Mustofa mengaku tidak pernah kesulitan mendapatkan pertalite. Meski demikian, ia mengakui, antrean pengisian bahan bakar jenis pertalite lebih panjang dari biasanya. Mustofa menyebut, sebelumnya, di jam sibuk, ada dua hingga tiga antrean kendaraan di jalur pertalite. Kini, antrean kendaraan pada jam sibuk di jalur pertalite menjadi lima hingga tujuh kendaraan.
Meski demikian, Lifiatri (39), warga Banyumanik, mengaku, pada Senin (4/4) petang, kehabisan pertalite di SPBU di sekitar tanjakan Gombel. Ia akhirnya terpaksa membeli BBM jenis pertamax.

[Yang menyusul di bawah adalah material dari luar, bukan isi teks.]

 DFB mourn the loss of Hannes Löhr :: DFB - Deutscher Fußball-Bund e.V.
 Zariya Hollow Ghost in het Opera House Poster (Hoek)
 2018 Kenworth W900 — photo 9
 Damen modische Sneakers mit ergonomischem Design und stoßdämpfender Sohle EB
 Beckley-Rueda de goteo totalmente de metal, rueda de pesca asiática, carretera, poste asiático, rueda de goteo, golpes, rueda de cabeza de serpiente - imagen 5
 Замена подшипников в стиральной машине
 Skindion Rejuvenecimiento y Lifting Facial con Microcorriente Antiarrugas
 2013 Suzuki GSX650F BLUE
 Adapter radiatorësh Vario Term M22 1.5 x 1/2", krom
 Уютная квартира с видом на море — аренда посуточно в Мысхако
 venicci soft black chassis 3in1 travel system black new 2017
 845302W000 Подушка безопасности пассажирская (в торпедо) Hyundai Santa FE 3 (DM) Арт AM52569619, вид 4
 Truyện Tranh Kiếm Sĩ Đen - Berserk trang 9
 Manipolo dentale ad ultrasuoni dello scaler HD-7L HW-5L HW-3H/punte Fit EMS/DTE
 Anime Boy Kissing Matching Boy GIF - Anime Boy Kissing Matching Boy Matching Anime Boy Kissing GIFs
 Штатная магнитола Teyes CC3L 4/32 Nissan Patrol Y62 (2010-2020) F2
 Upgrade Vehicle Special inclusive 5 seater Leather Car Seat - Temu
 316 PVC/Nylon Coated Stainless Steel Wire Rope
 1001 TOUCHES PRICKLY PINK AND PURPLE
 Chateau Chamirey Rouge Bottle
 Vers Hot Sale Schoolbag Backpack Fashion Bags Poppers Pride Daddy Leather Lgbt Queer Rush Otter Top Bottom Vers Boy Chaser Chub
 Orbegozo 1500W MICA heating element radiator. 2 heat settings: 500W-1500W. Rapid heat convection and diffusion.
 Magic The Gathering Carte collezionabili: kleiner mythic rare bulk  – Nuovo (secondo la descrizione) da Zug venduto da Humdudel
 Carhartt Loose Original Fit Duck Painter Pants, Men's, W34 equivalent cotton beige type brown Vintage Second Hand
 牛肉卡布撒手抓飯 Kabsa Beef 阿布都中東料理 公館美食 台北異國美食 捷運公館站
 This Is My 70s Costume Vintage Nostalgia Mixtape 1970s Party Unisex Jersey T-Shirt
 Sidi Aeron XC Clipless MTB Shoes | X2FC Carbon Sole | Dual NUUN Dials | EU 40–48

Dihubungi secara terpisah, Area Manager Communication Relations and Corporate Social Responsibility PT Pertamina Patra Niaga Regional Jawa Bagian Tengah Brasto Galih Nugroho memastikan pasokan bahan bakar minyak, terutama pertalite aman. Kendati tak merinci jumlahnya, Brasto menyebut stok pertalite saat ini masih cukup untuk memenuhi kebutuhan di Jateng dan DIY hingga sepuluh hari ke depan.
”Masyarakat tidak perlu khawatir karena stok hingga sepuluh hari ke depan masih aman. Angka tersebut juga belum termasuk stok di kilang maupun yang dalam pengantaran melalui kapal,” tutur Brasto, Selasa.
Brasto mengungkapkan, rata-rata harian penyaluran pertalite di Jateng dan DIY pada Januari-Maret 2022 sebesar 8.662 kiloliter har hari. Pertamina tidak menutup kemungkinan untuk menambah jumlah penyaluran, menyesuaikan kebutuhan SPBU. Menurut dia, secara umum, sejauh ini tidak ada kepanikan pembelian terhadap BBM jenis pertalite di wilayah Jateng dan DIY.
Brasto mengimbau masyarakat untuk membeli bahan bakar secukupnya. Masyarakat juga diharapkan membeli bahan bakar nonsubsudi yang lebih berkualitas seperti pertamax. Pertamax disebut Brasto mampu menghasilkan kinerja mesin kendaraan yang lebih baik dan bertenaga, dengan tetap rendah emisi, sekaligus hemat konsumsi.